The god appeased, Abajai and Yagji climbed back on their camels and led the slave-train along a crowded narrow street lined with buildings made of stone and brick and wood. Hekat stared at the buildings and the men and the women and the brats and the skinny dogs running free around their feet. The hot air of Et-Nogolor city was thick with man stink, animal stink, smoke fires and cooking meat. No trees. No grass. The street was stony, lots and lots of little stones jammed and crammed together, black and grey and white and red. The camels groaned as they walked and their ears flicked crossly. The buildings unwinding above them to the sky shut out the light, it was as dim as lowsun at the bottom of Et-Nogolor.
Hekat didn’t like it.
The narrow street curved around the base of the city.

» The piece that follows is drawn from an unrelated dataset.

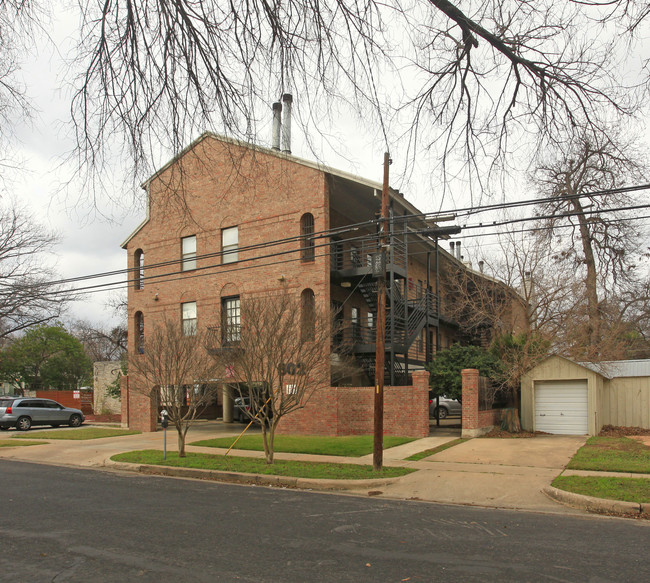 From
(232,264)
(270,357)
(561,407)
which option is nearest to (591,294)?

At last they reached an open place divided into pens. Most of them were full of goats and sheep and cattle, the air was ripe with pish and dung. There were huge black dogs chained at the front of each pen, as mean as the man had ever owned. But these dogs didn’t bark, they just climbed growling to their feet, the hair on their massive backs standing stiff like the spiny collar of the deadly striped lizards that sometimes crawled in from The Anvil.

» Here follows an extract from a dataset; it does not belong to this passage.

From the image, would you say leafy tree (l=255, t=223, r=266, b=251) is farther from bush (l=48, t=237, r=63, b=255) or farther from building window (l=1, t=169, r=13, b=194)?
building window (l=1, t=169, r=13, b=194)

A man sat on a stool nearby. He stood as they approached and shouted at the growling dogs. The dogs dropped to their haunches but didn’t hide their teeth and their shiny white eyes stayed open.
Abajai made his camel kneel five paces before the man and got down. Behind him the slave-train stopped too, in a clanking of chains and a grumbling of pack-camels.
“Penkeeper,” Abajai said, his purse in his hand. “I am Trader Abajai. How much to pen these slaves and the camels?”
The penkeeper was old and bent over. One arm stuck out from his body strangely, as though the bone had broken and never knew its right place after. He wore amulets in his saggy ears and on a thong around his scrawny neck. His grubby clothes were brown and white goathide, rubbed bare and shiny in big patches. Around his sunken middle was strapped a leather purse, its laces strung with charms. Staring up into Abajai’s face he hawked, and spat.
“Two silver coins till this time next highsun.”
The look on Yagji’s face said that was a lot of money. Hekat thought it sounded a lot. But Abajai nodded undismayed and counted silver into the penkeeper’s hand. As the penkeeper put the money away, Abajai turned.
“Obid!”
Obid came, dirty and tired. “Put the merchandise in the large pen there,” said Abajai. “Take off its chains, give it feed and water. Camels in the other pen.” He pointed. “There is Hekat on my camel, you see her now. She goes in the pen, she does not leave it.”
Obid looked at her. His eyes still writhed with maggot questions but the rest of his face was quiet. “Yes, master.”
As Obid withdrew to do his master’s bidding, Abajai crooked a finger. “Hekat.”
She slid off the camel and joined him. “Yes, Abajai?”
“Yagji and I go to do Trader business. You will stay here. You will attend Obid. That is my nod.”
She didn’t want to wait in a pen, or be told what to do by a dirty slave. She wanted to see this city Et-Nogolor, and a godhouse so big its godpost could be spied from a distance in the road. But Abajai’s word was his word. Like dirty Obid, she must obey.
“Yes. Abajai.”
With pricky eyes she watched him and Yagji walk away. When they were gone from sight she turned. The penkeeper was watching her, she could feel his hungry gaze.
“You not stare at Hekat,” she said, making her voice hiss like a snake. “Hekat belong to Abajai.”